**Problem:**
Only these lines of the data below are wanted: the one with "Pioneer employees offering", the one with "Master bedroom walk in closet", and any lines between them, each repeated exactly.
[Dataset entries Boundary: Start]
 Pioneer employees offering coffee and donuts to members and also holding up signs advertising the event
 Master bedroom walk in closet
[Dataset entries Boundary: End]
[Dataset entries Boundary: Start]
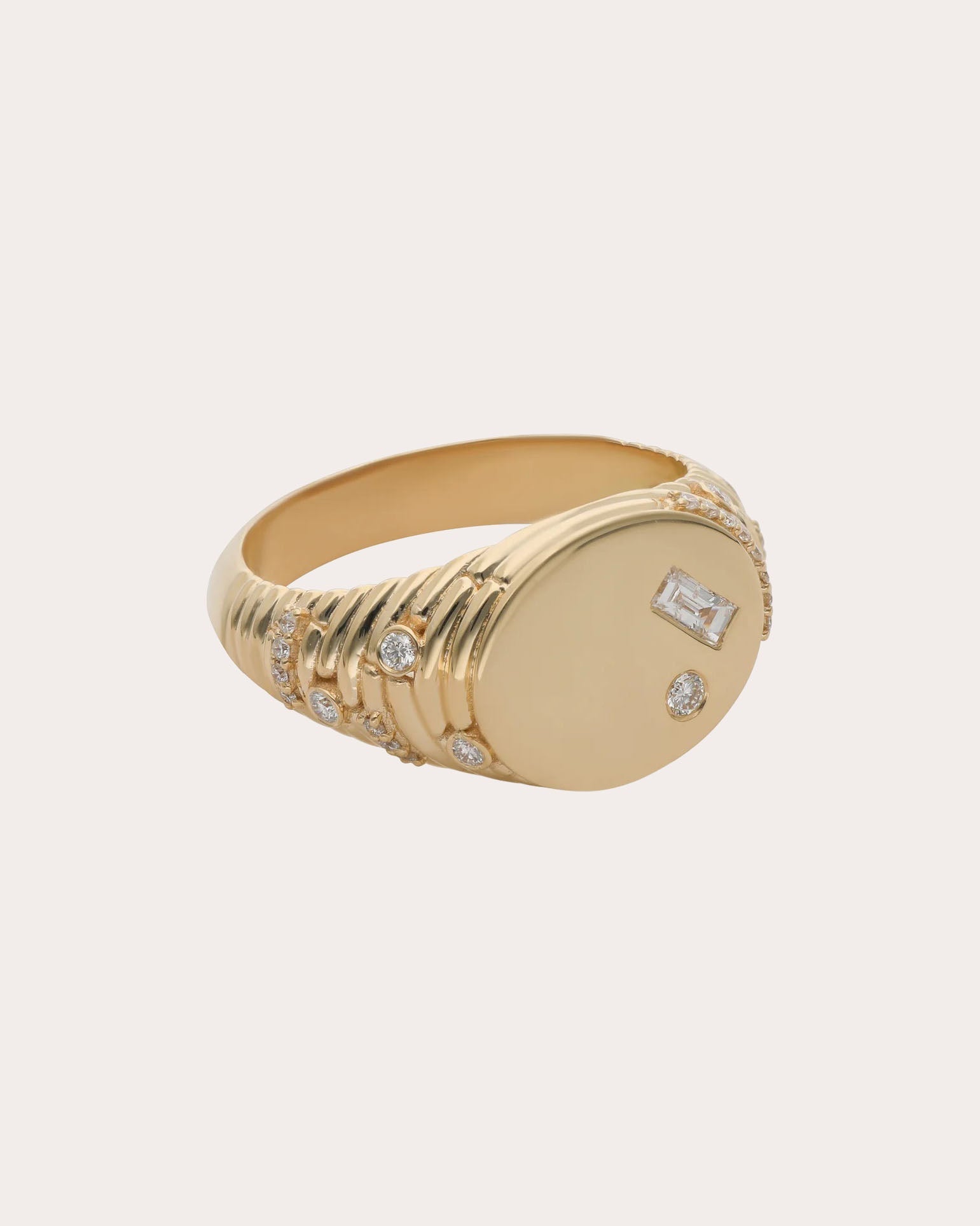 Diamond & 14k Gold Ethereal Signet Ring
[Dataset entries Boundary: End]
[Dataset entries Boundary: Start]
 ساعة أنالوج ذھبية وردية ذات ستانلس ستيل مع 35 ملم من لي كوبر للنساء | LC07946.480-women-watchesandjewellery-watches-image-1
[Dataset entries Boundary: End]
**Solution below:**
 Pioneer employees offering coffee and donuts to members and also holding up signs advertising the event
 Master bedroom walk in closet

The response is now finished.